§ Records supplied:
####################
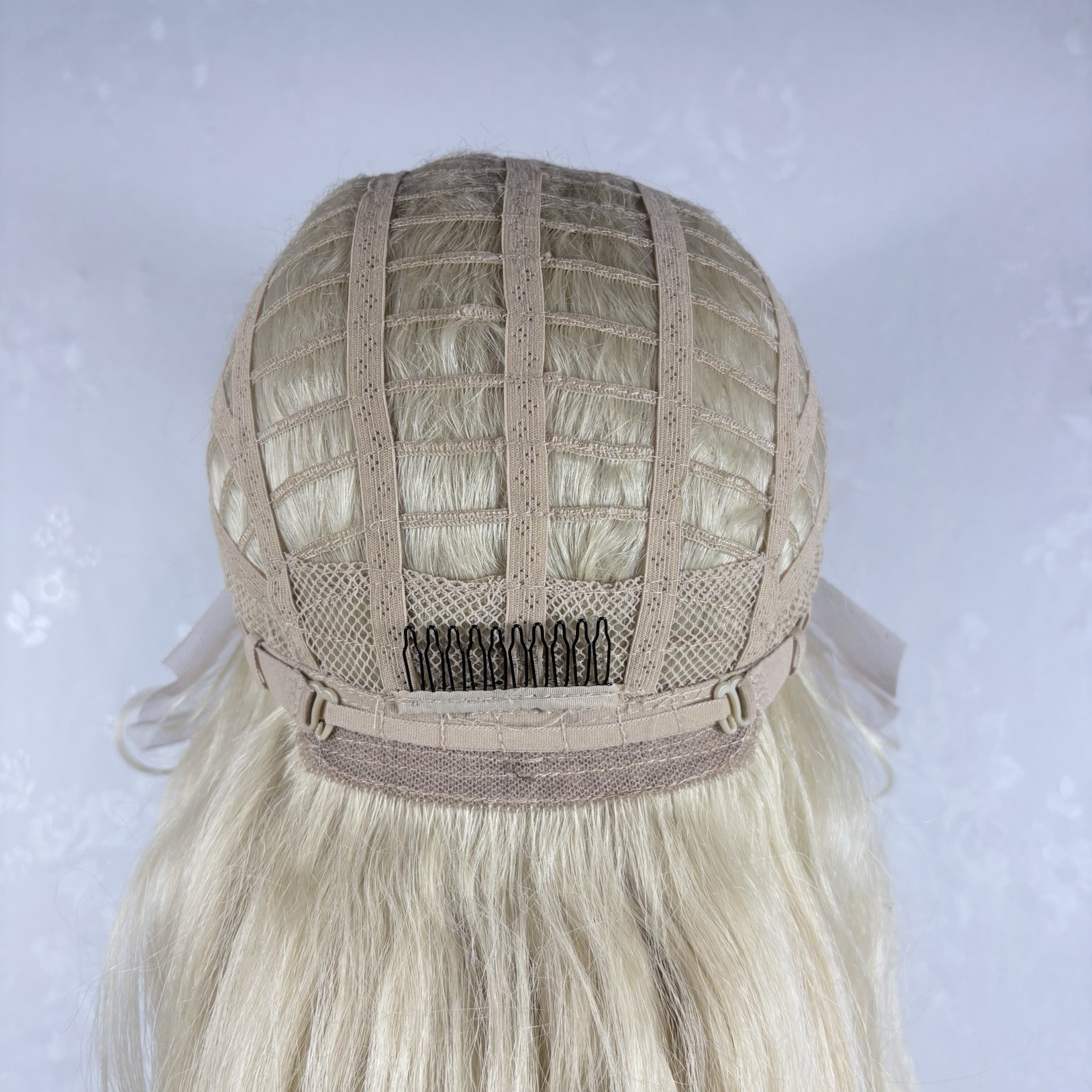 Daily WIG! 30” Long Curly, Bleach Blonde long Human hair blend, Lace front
####################
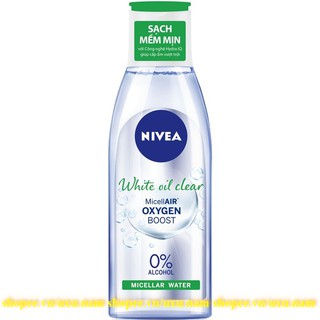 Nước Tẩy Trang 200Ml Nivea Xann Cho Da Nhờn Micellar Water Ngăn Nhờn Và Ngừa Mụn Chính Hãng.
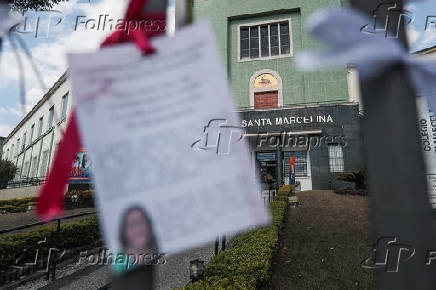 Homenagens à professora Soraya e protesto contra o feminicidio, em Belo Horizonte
####################
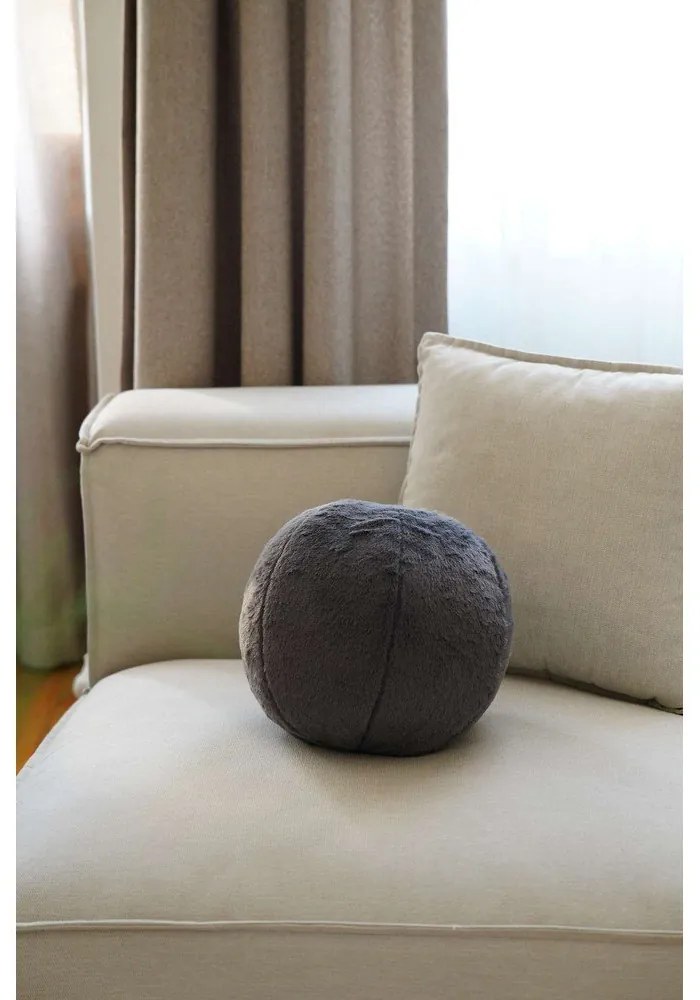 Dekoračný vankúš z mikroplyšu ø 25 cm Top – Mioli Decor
####################
§ Description of the task:
Take the lines above starting at the one containing "Nước Tẩy Trang" and ending at the one containing "Homenagens à professora", and print them again exactly, without pictures.

§ Solved problem:
 Nước Tẩy Trang 200Ml Nivea Xann Cho Da Nhờn Micellar Water Ngăn Nhờn Và Ngừa Mụn Chính Hãng.
 Homenagens à professora Soraya e protesto contra o feminicidio, em Belo Horizonte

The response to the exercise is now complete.